Loops Gone Wrong — Field Lessons
- Loop without a time stop-rule: a chapter generator without a timeout ran for 47 minutes on a corrupted chapter, burning tokens and blocking the entire pipeline. The stop-rule is not optional.
- Verifier that always passes: a verifier that only checked if the output was non-empty let hallucinated content through for three executions before I noticed. A verifier without a real criterion is worse than no verifier — it gives false confidence.
- In-memory state in Lambda: a loop that stored progress in a Lambda instance variable worked perfectly in development and lost all state on the first production cold start. S3 as a state pointer isn't over-engineering — it's the minimum.
- Single-agent topology for a long task: I tried generating an entire book in a single agent call. Timeout, unpredictable cost, and inconsistent output. The fix was the per-chapter sub-loop with cache.

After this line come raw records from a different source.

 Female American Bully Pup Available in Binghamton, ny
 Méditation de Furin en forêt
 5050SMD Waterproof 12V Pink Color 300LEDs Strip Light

Loop granularity matters as much as function granularity.
- Retry without circuit breaker: a retry loop without an attempt limit against a rate-limited external tool accidentally became a self-inflicted DDoS against my own API. Retry-with-attempts + exponential backoff + abort aren't paranoia — they're basic engineering.

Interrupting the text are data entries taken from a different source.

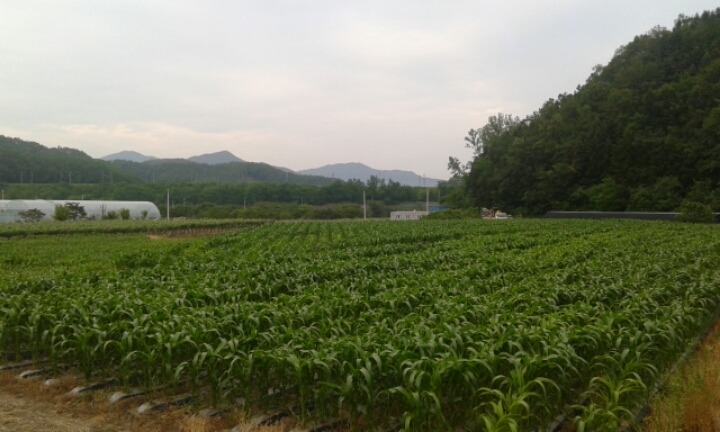 부부옥수수 이미지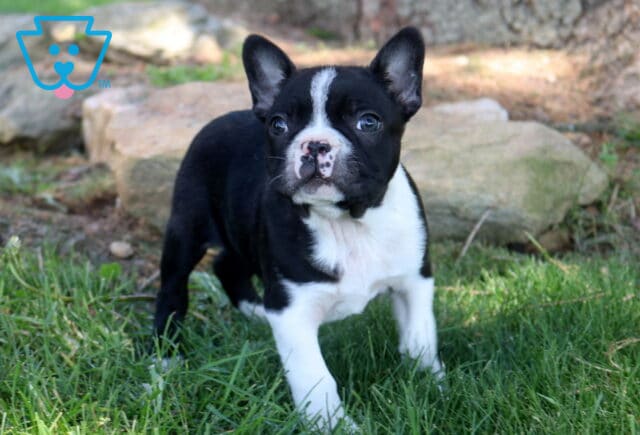 Black and white Boston Terrier puppy standing in fresh green grass with a centered white blaze, perked ears, and an alert, playful expression outdoors. image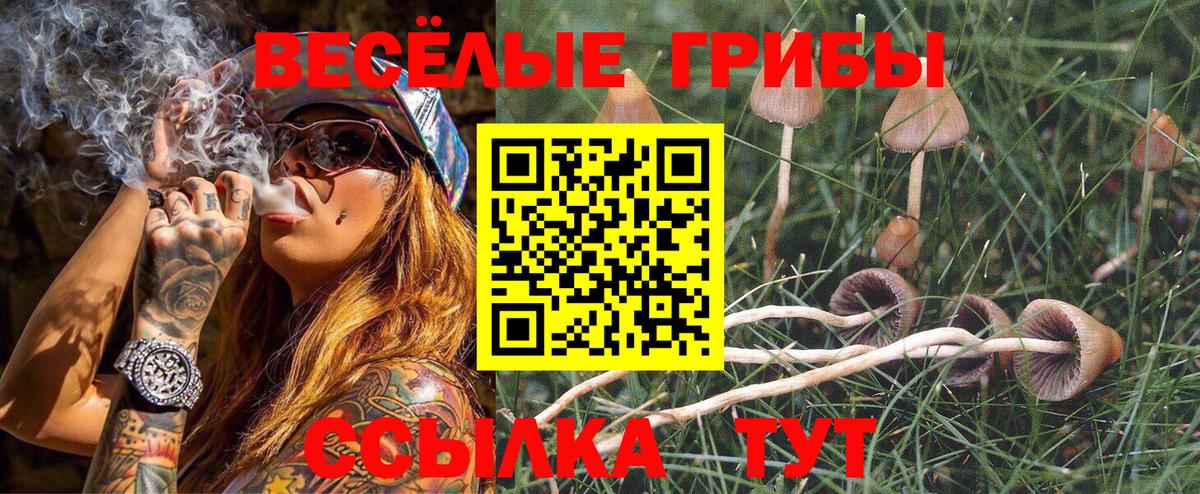 Чернушка  Псилоцибиновые грибы прущие грибы  Вход с VPN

Loop engineering isn't the end of software engineering — it's a layer above it. The fundamentals still matter: idempotency, circuit breakers, observability, security. What changed is where you spend your design time. If you're still optimizing prompts without thinking about the loop that wraps them, you're solving the wrong problem. The bottleneck moved. The question is: did you move with it?
Verdict: The Work Moved Up a Level
Loop engineering is real, it's in production, and it's changing what it means to be a software architect. It's not about not using the IDE — it's about using it when it's the right instrument, not as a reflex. My job today is designing the systems that make agents work reliably: triggers that fire at the right time, topologies that scale, verifiers that actually verify, stop-rules that protect the system from itself. The agents write the code. I design what makes them work. That division of labor, done well, is the most productive thing I've done in 16 years.